While my daughter died. Trapped in there like an animal.

” He shakes Aequa as he says “her,” though his dark eyes never leave mine.

She’s a Quintus, and self-imbuing, but still powerless to stop the effortlessly violent motion.

“And now here you both are again. Here to rescue your … what? Former tutor? Though she is our enemy. Prioritising the personal over the many yet again.”

I see it then. Something in the way he spits it, sending a genuine chill down my spine. I see all of the grief and hatred he’s been keeping hidden as we meet, day after day.

Chained in the dark, as my mother once described it.

“Lanistia’s my friend, Tertius. She’s my friend and of no tactical importance, and if she’s in a Sapper, they’re going to kill her just in case she’s ceding to the wrong person.

” Vek. Even if he wasn’t holding Aequa so threateningly, I cannot think of a way I can get past him, let alone beat him.
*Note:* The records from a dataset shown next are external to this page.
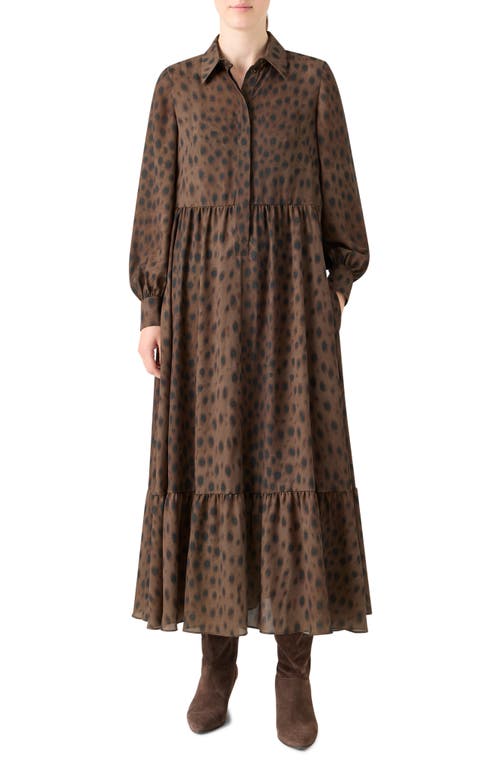Akris Punto Leopard-print Viscose Georgette Midi Shirtdress In Brown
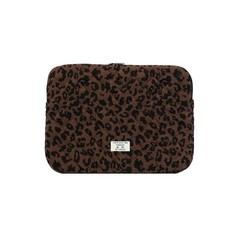 Leopard Puffy Laptop Sleeve 15 Inch Cheetah Print Quilted 15 Inch, Coffee picture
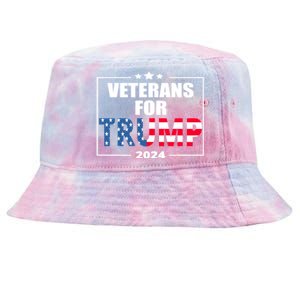 Veterans For Trump 2024 Pro American Troops Tie-Dyed Bucket Hat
If he imbues something, then maybe I can get to it.

Adopt his own power and use it against him.

But he’s self-imbuing. I confirmed months ago that I can’t take Will directly from other people, and the weapons I have at my disposal—the metal triangles sitting beneath my tunic—will do little more than dent themselves against him, and then give me away in the process.

“I’m sorry. I’m sorry I didn’t act sooner at the naumachia. I’m sorry Iro got injured—”

“Iro is dead.” Decimus’s lifeless voice cuts through anything else I might have said.

Stills me to hollow silence. “He died three days ago. The Vitaerium wasn’t enough.

He just couldn’t breathe anymore.” Fist clenching and unclenching.

The words coming out so calm, and yet every inch of the man screams of pain and violence.

“They knew it was coming. But I couldn’t go to him.

I couldn’t be there to say goodbye because I. Had. Responsibilities.”

He takes me in. Shifts his grip so that his hand rests on Aequa’s head. “At least I am giving you the chance to say goodbye, Telimus.”

“What?” I freeze, hold up my hand as I see the sudden panic on Aequa’s face.

She beats at him, tries to twist away but his grasp on her head is firm.

No. This is a test. A means of extracting more from me.

“Whatever you want from me, Tertius. Anything you want. Just let me know.” Test or not, I won’t risk it.

“I want my children back,” says Decimus softly. “Or in lieu of that, I want you to say goodbye.”

“It’s alright, Vis.” Aequa’s shaking. Stopped struggling, I think because it was hurting her as much as getting nowhere. But somehow, she still forces a smile at me. “It’s alright. Whatever happens, neither of us can—”

Decimus tightens his grip.

Aequa’s head caves in.

I just stand there. Limbs weak, heart stopped, breath gone.

There is the cracking of bone and then an ugly squelching.

This cannot be happening. My friend’s face is crumpled between his fingers.

Her dark, straight hair molten with crimson in the dying light of the day.

Decimus releases her. Flicks blood and brain off his hand as her body crumples to the ground, watching me the entire time.

A wordless cry. I am flying at him. All of my shock and rage a thin tunnel, unable to even process what I am doing as I am doing it.

I hit him across the face, and he smiles at my pain as my fist near shatters in its meeting the immovable object.

I try to force him backward over the edge, forgetting that it will take far more than twenty or so feet to kill him.

He doesn’t budge. My throbbing hand around his throat. He doesn’t even blink.